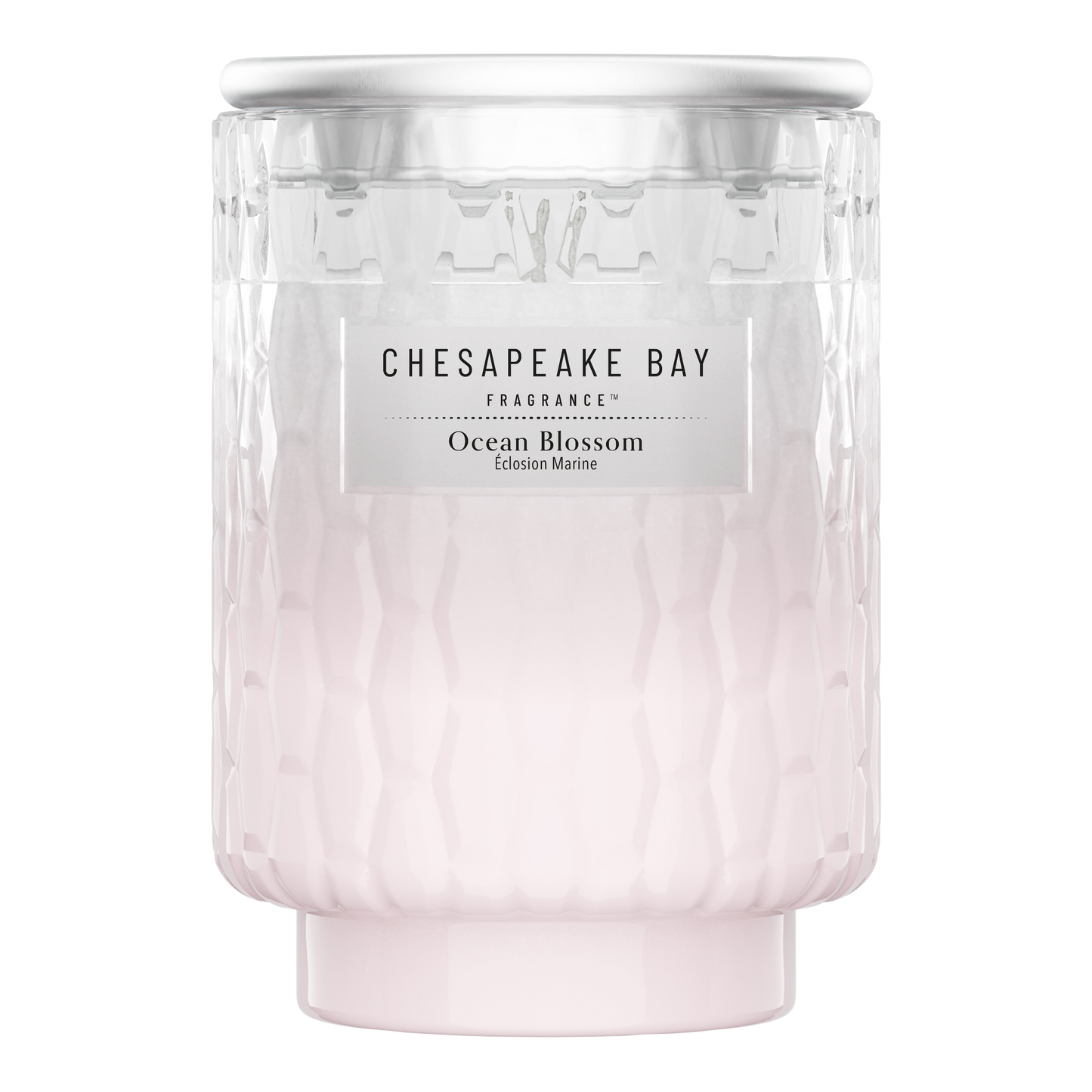 Chesapeake Bay Ocean Blossom Medium Candle online bestellen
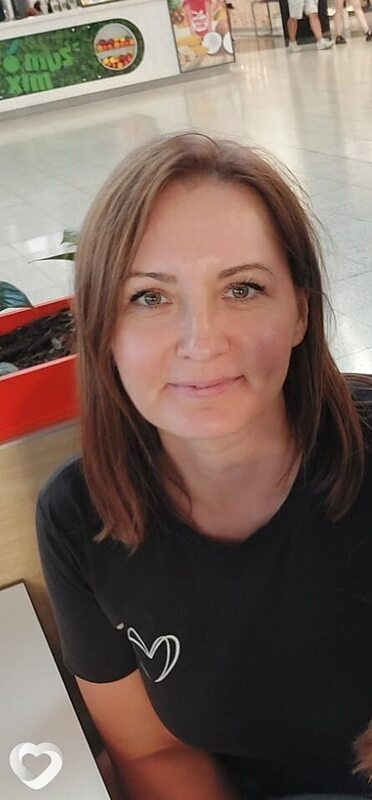 Лена, Ленинградская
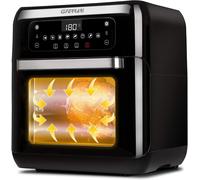 Friteuse À Air Multifonction Friggisano 2.0 - 1500 W - G3 Ferrari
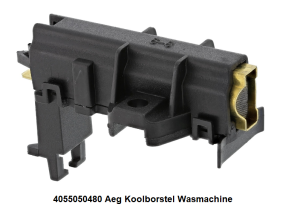 4055050480 Aeg Koolborstel Wasmachine verkrijgbaar bij ANKA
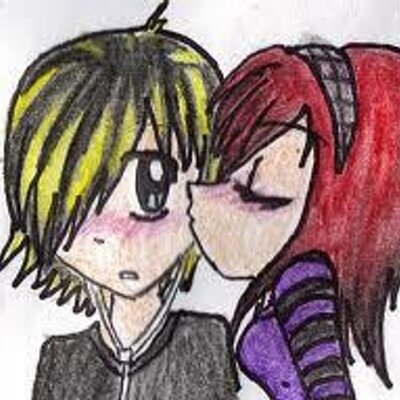 Profile Picture of Ann Chester Oñate (@ann_chester) on Twitter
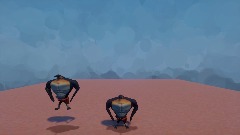 Ma création - 03/09/2023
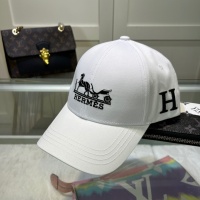 $25.00 USD Hermes Caps #1227934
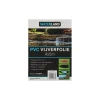Vijverfolie 4x5M (5) PVC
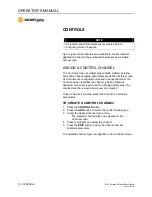 Preview for 11 page of Dickey-John INTELLIAG ISO6 Quick Start Manual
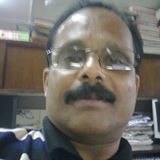 saseendran mp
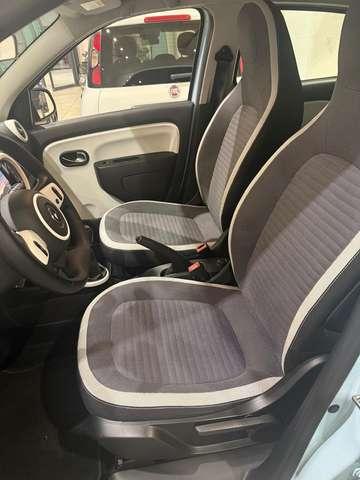 Renault Twingo 1.0 sce Urban Night 65cv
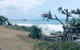 Hastings Point Beach - thumb 1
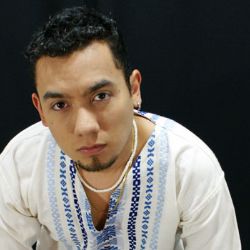 DJ Alejandro Roman: Techno nemá v Mexiku na růžích ustláno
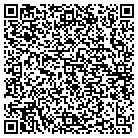 QR code with Clean Step Solutions contacts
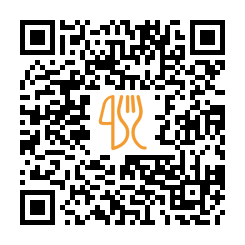 QR-code link către meniul Sirio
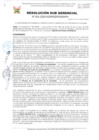 Vista preliminar de documento 912-2024-SGDP/GDEYCA/MPH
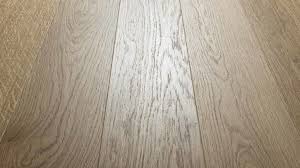 hardwood flooring iroko listone giordano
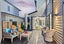 9 Habitat Place, Hobsonville, Auckland - Carousel 9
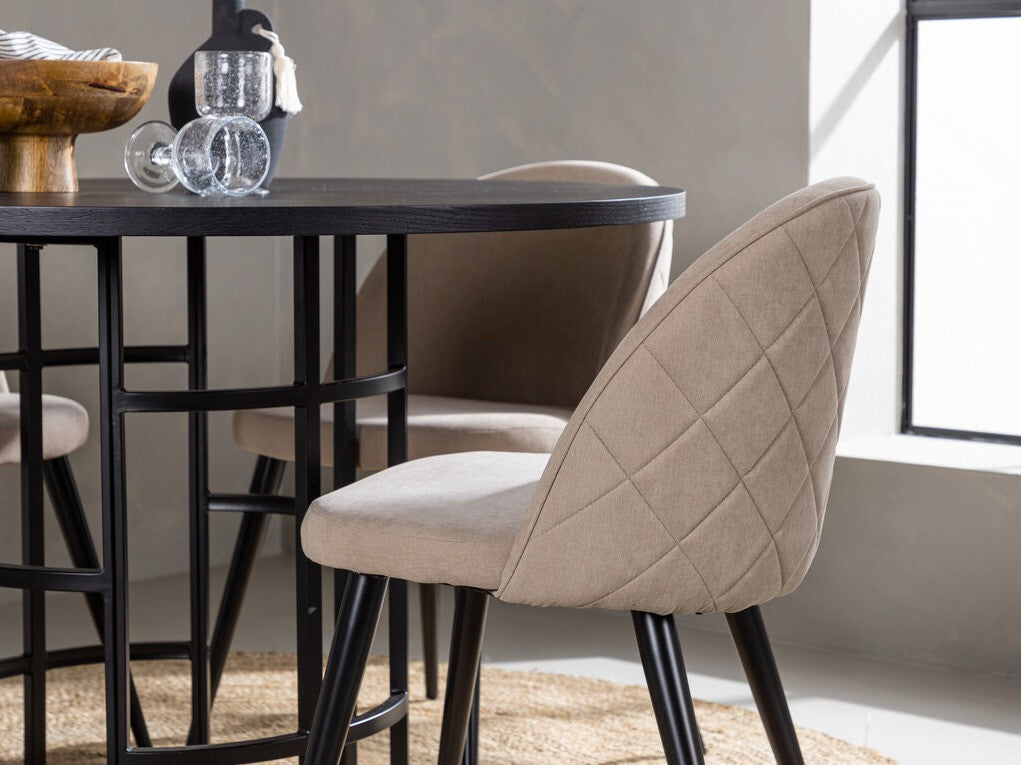 Valgomojo komplektas 479656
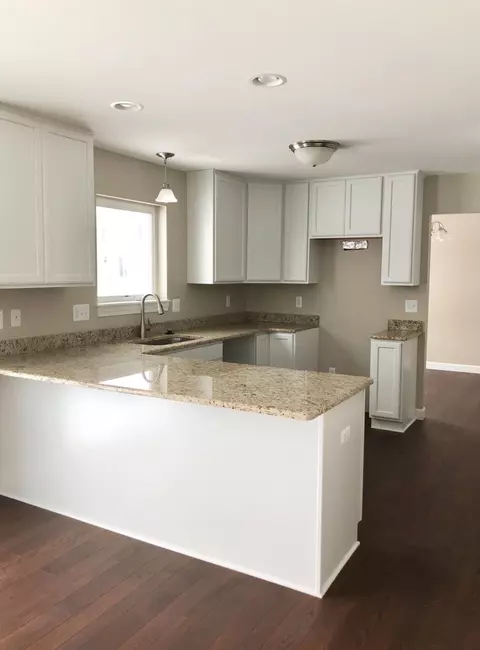 3607 S Downs, Dexter, MI 48130 photo 4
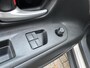Toyota Aygo X 1.0 VVT-i S-CVT Limited Automaat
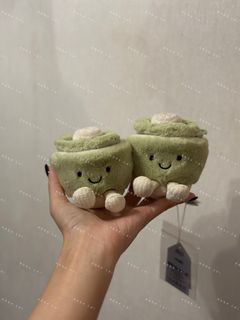 （分類：）位於 。 由 abbeeelai 提交（商品編號 1396149629，圖片 1）。簡介： 。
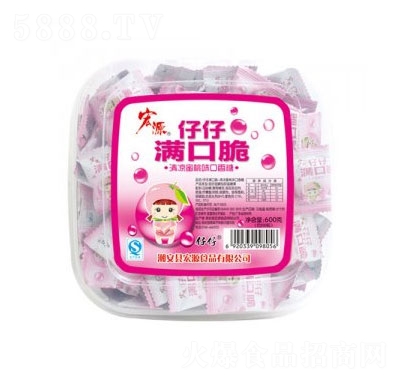 ��Դ���НM�ڴ�����ǣ�����ζ���ǹ�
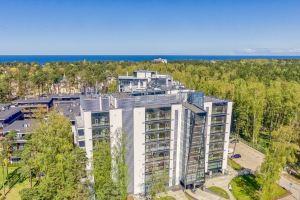 Jurmala Park House, Юрмала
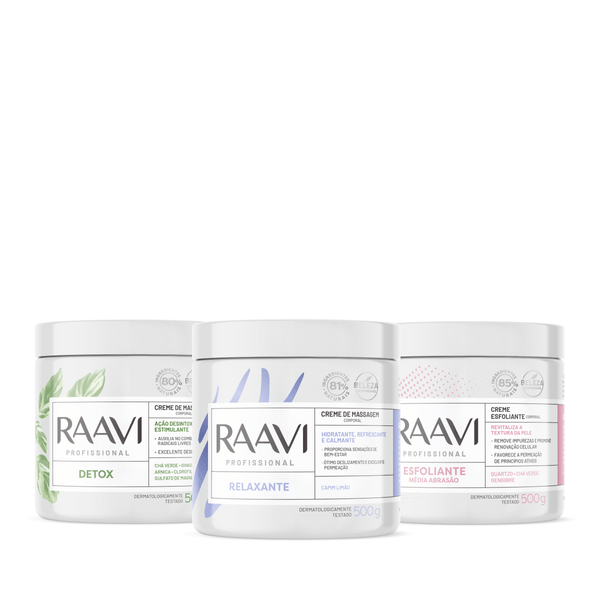 kit-detox-e-relaxante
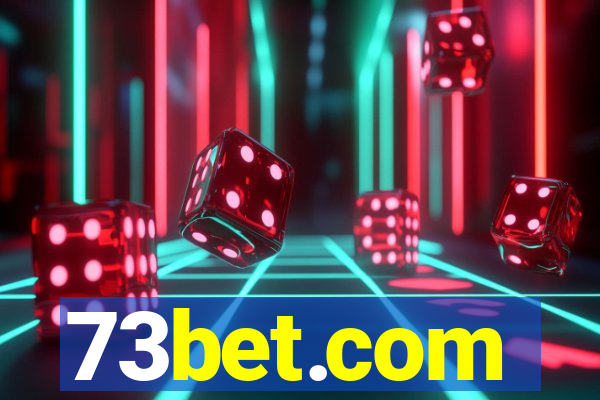 73bet.com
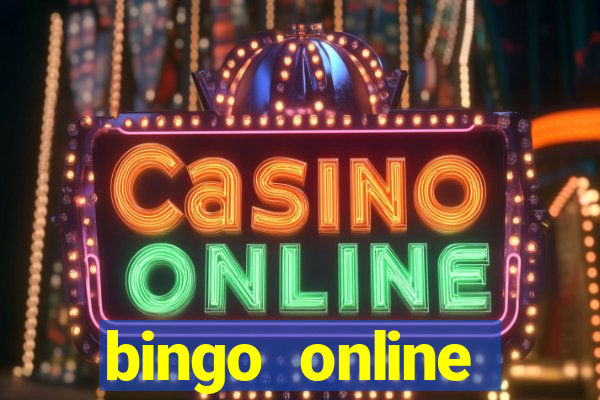 bingo online spielen geld gewinnen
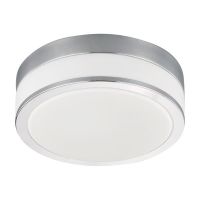 Anbauleuchte 2x E27 57181020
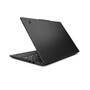 LENOVO ThinkPad T16 G5 Intel Core Ultra 7 355 40,64cm 16Zoll WUXGA 32GB 1TB SSD UMA W11P Ready 4G Co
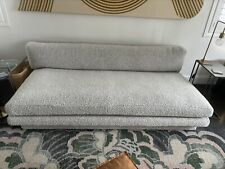 Modern sofa for sale  Los Angeles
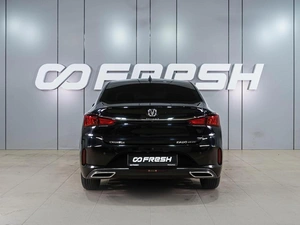 Седан Changan Eado Plus 2023 года, 1674000 рублей, Воронеж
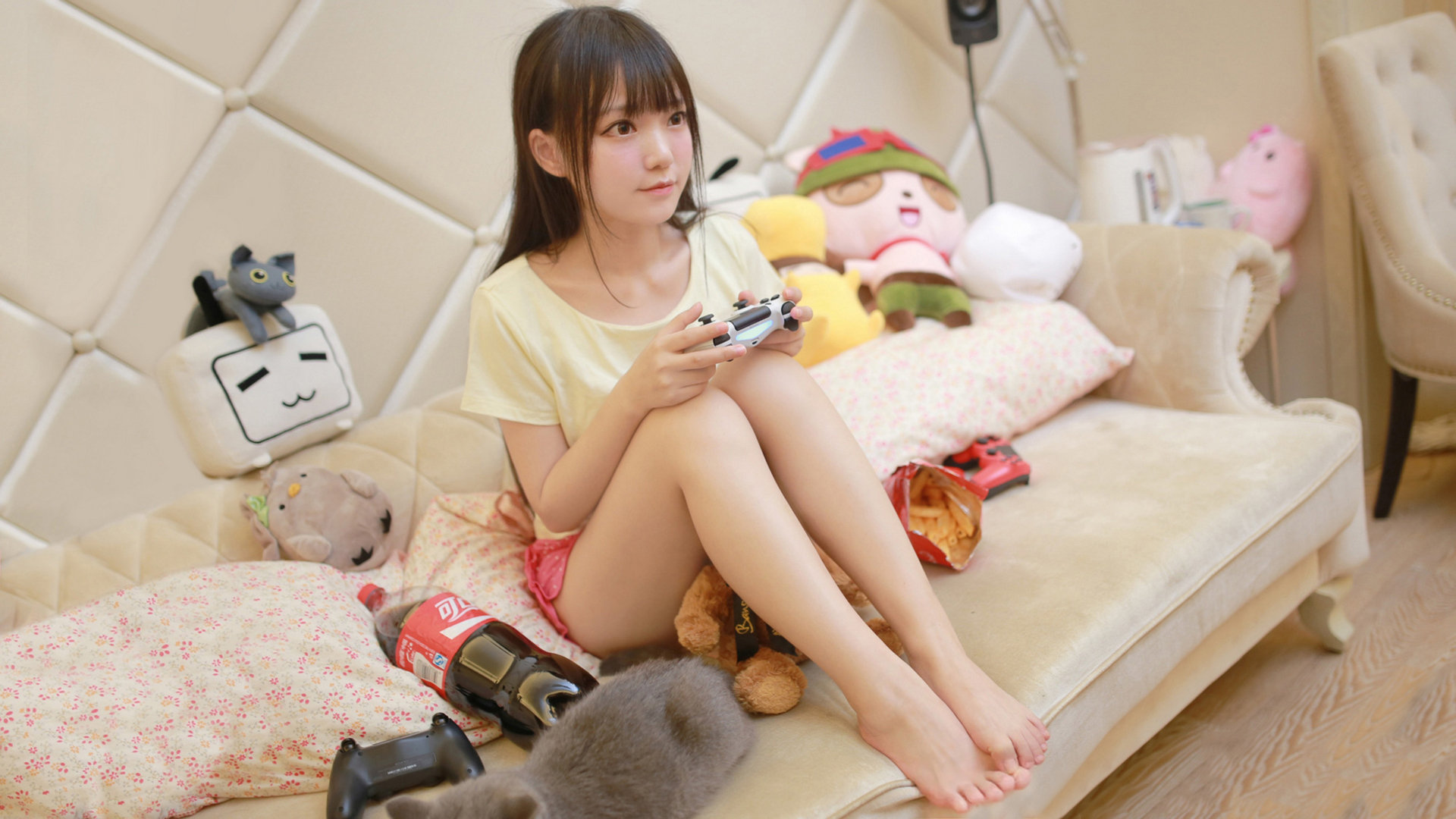 阿什拉夫状态火热闪耀欧洲，毕尔巴鄂节奏掌控法国球队的战术奥秘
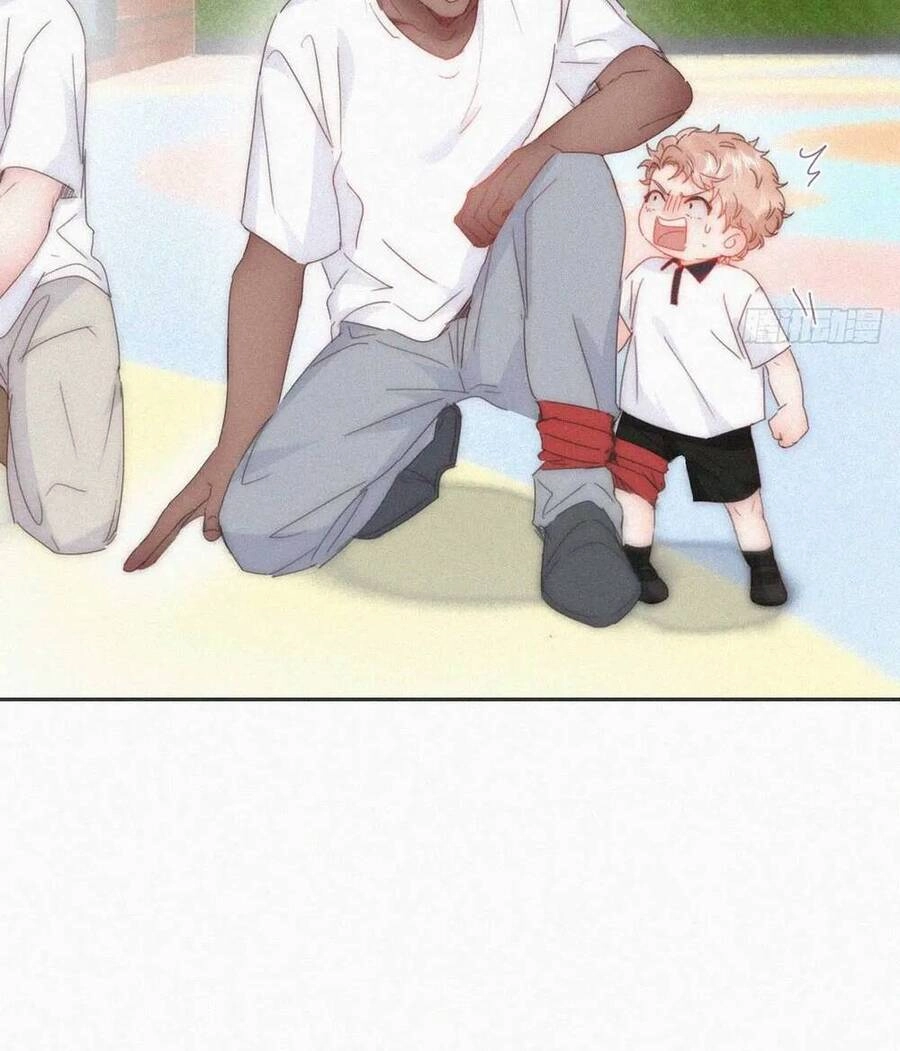 Nghịch Tập Chi Hảo Dựng Nhân Sinh Chapter 335 - 19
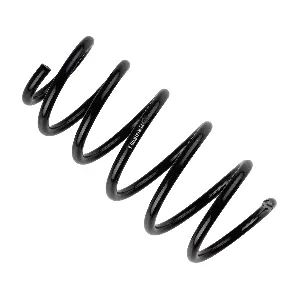 37-253981 BILSTEIN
§
Activity: Repeat every entry above precisely, leaving each picture out.

Answer box:
 Chesapeake Bay Ocean Blossom Medium Candle online bestellen
 Лена, Ленинградская
 Friteuse À Air Multifonction Friggisano 2.0 - 1500 W - G3 Ferrari
 4055050480 Aeg Koolborstel Wasmachine verkrijgbaar bij ANKA
 Profile Picture of Ann Chester Oñate (@ann_chester) on Twitter
 Ma création - 03/09/2023
 $25.00 USD Hermes Caps #1227934
Vijverfolie 4x5M (5) PVC
 Preview for 11 page of Dickey-John INTELLIAG ISO6 Quick Start Manual
 saseendran mp
 Renault Twingo 1.0 sce Urban Night 65cv
 Hastings Point Beach - thumb 1
 DJ Alejandro Roman: Techno nemá v Mexiku na růžích ustláno
 QR code with Clean Step Solutions contacts
 QR-code link către meniul Sirio
 Vista preliminar de documento 912-2024-SGDP/GDEYCA/MPH
 hardwood flooring iroko listone giordano
 9 Habitat Place, Hobsonville, Auckland - Carousel 9
 Valgomojo komplektas 479656
 3607 S Downs, Dexter, MI 48130 photo 4
Toyota Aygo X 1.0 VVT-i S-CVT Limited Automaat
 （分類：）位於 。 由 abbeeelai 提交（商品編號 1396149629，圖片 1）。簡介： 。
 ��Դ���НM�ڴ�����ǣ�����ζ���ǹ�
 Jurmala Park House, Юрмала
 kit-detox-e-relaxante
 73bet.com
 bingo online spielen geld gewinnen
 Anbauleuchte 2x E27 57181020
 LENOVO ThinkPad T16 G5 Intel Core Ultra 7 355 40,64cm 16Zoll WUXGA 32GB 1TB SSD UMA W11P Ready 4G Co
 Modern sofa for sale  Los Angeles
 Седан Changan Eado Plus 2023 года, 1674000 рублей, Воронеж
 阿什拉夫状态火热闪耀欧洲，毕尔巴鄂节奏掌控法国球队的战术奥秘
 Nghịch Tập Chi Hảo Dựng Nhân Sinh Chapter 335 - 19
 37-253981 BILSTEIN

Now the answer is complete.